──────── Input material ────────

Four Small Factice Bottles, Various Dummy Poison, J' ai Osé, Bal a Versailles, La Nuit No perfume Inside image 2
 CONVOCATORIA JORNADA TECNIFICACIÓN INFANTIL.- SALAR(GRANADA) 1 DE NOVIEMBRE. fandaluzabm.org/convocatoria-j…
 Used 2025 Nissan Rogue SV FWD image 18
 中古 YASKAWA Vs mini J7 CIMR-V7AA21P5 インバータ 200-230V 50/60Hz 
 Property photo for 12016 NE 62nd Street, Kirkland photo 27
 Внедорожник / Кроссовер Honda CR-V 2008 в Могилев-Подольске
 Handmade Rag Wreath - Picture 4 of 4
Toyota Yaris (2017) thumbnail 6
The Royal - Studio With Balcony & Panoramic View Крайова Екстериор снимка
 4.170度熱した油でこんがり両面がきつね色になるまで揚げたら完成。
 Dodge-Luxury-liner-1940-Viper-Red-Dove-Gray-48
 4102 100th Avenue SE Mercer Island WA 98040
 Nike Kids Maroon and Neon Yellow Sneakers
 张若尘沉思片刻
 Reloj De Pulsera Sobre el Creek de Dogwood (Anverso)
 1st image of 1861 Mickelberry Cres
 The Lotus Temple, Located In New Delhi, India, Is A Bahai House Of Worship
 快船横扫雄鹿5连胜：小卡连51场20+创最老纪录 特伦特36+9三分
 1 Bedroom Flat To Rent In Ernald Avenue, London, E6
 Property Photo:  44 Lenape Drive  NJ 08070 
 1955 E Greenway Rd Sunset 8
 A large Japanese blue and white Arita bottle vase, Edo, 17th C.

────────

▶ [What to work on]: Repeat the material above in full, exactly as it stands.

▶ [Task response]:
Four Small Factice Bottles, Various Dummy Poison, J' ai Osé, Bal a Versailles, La Nuit No perfume Inside image 2
 CONVOCATORIA JORNADA TECNIFICACIÓN INFANTIL.- SALAR(GRANADA) 1 DE NOVIEMBRE. fandaluzabm.org/convocatoria-j…
 Used 2025 Nissan Rogue SV FWD image 18
 中古 YASKAWA Vs mini J7 CIMR-V7AA21P5 インバータ 200-230V 50/60Hz 
 Property photo for 12016 NE 62nd Street, Kirkland photo 27
 Внедорожник / Кроссовер Honda CR-V 2008 в Могилев-Подольске
 Handmade Rag Wreath - Picture 4 of 4
Toyota Yaris (2017) thumbnail 6
The Royal - Studio With Balcony & Panoramic View Крайова Екстериор снимка
 4.170度熱した油でこんがり両面がきつね色になるまで揚げたら完成。
 Dodge-Luxury-liner-1940-Viper-Red-Dove-Gray-48
 4102 100th Avenue SE Mercer Island WA 98040
 Nike Kids Maroon and Neon Yellow Sneakers
 张若尘沉思片刻
 Reloj De Pulsera Sobre el Creek de Dogwood (Anverso)
 1st image of 1861 Mickelberry Cres
 The Lotus Temple, Located In New Delhi, India, Is A Bahai House Of Worship
 快船横扫雄鹿5连胜：小卡连51场20+创最老纪录 特伦特36+9三分
 1 Bedroom Flat To Rent In Ernald Avenue, London, E6
 Property Photo:  44 Lenape Drive  NJ 08070 
 1955 E Greenway Rd Sunset 8
 A large Japanese blue and white Arita bottle vase, Edo, 17th C.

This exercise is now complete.